In a move likely to sharply curtail free speech, free assembly and dissent of any kind, administrators at CUNY are developing what they call a "Policy on Expressive Activity" to set severe limitations on who, how and where free speech and assembly rights can be exercised.

The proposed policy bans demonstrations from CUNY buildings and forces demonstrators into what amounts to "protest ghettos" conveniently called "designated areas," which are likely to be located in such "high traffic and visibility" areas as the space between defunct vending machines and moldy couches in a library sub-basement.

The proposed policy requires 24 hours of advance notice of any demonstration, even if turnout is expected to be minimal. Theoretically, this means that if a single student showed up with a protest sign without notifying the administration, he or she could be violating policy. What if the student showed up wearing a protest T-shirt, an anti-fracking patch on a backpack or a peace sign? The Policy on Expressive Activity is wide open to repressive interpretation.

The policy seeks to limit the distribution of what it calls "materials" (read: information) on campus, which, if it weren't so outrageous, would be almost absurdly humorous in its total antithesis to the whole concept of higher education as a forum for the open exchange of ideas. College presidents would also be given the power to determine if a demonstration is sufficiently "disruptive" to warrant calling the police onto campus to break it up. This is a job for campus safety, not college administration. Besides, demonstrations are supposed to be disruptive of the status quo. This policy suggests that if a demonstration is at all effective in its mission, college presidents can call in the NYPD to crush it regardless of the merit of the movement's aims. College presidents could shut down any movement they choose by invoking that right.

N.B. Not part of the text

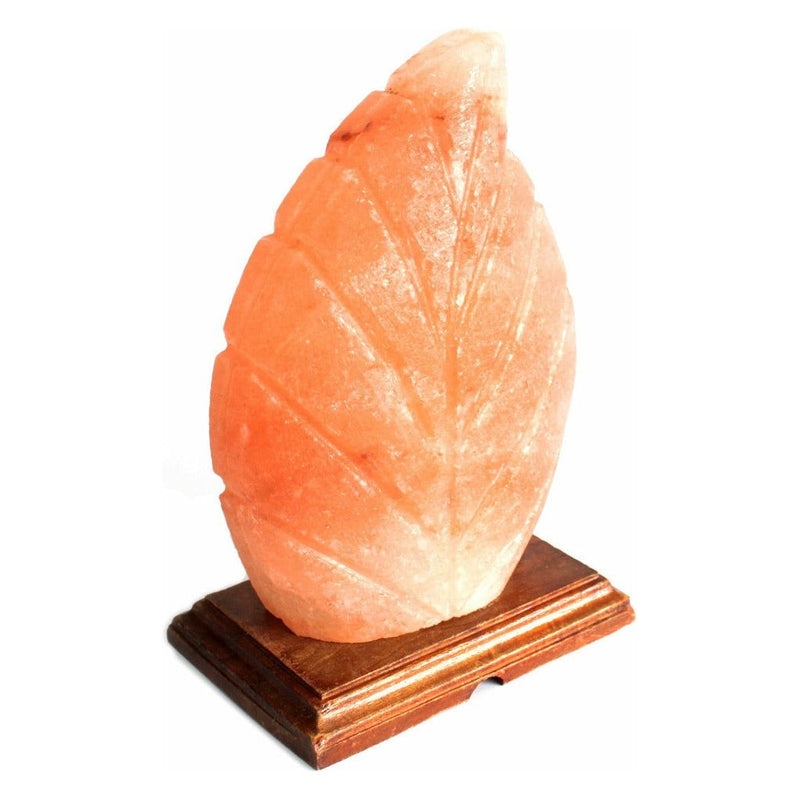 Emmy Jane Boutique Natural Himalayan Crystal Salt Lamp - Fern Leaf Shape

CUNY is a public university; therefore, these policies, if implemented, are not only an assault on the concept of university education but a restriction on the use of public space for assembly, which is protected under the First Amendment -- or at least it is supposed to be.

CUNY's proposed policy goes on to state, "Freedom of expression and assembly, are subject to the need to maintain safety and order." Of course, every university has the responsibility to maintain a safe environment for its students and employees. But as Barbara Bowen, President of the PSC/CUNY union of teachers and faculty, states in her memorandum to union members, "Safety is not the same as 'order'; safety does not require repression."

The university's proposed restrictions come on the heels of the abrupt and unannounced re-appropriation of a student center at CUNY's City College, where politically active students once had their offices. The space has been turned into a career center, and all student group files from that area were confiscated and never returned. CUNY students have also recently staged protests over what they considered unfair tuition hikes, as well as over the university's hiring of disgraced former General David Petraeus as a visiting professor.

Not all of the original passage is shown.